• _Supplied data_:
• • • • • • •

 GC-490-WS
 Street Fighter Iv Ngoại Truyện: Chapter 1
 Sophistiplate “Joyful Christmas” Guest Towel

• • • • • • •

• _Exercise_:
Word for word, restate the material above.

• _Output of the exercise_:
 GC-490-WS
 Street Fighter Iv Ngoại Truyện: Chapter 1
 Sophistiplate “Joyful Christmas” Guest Towel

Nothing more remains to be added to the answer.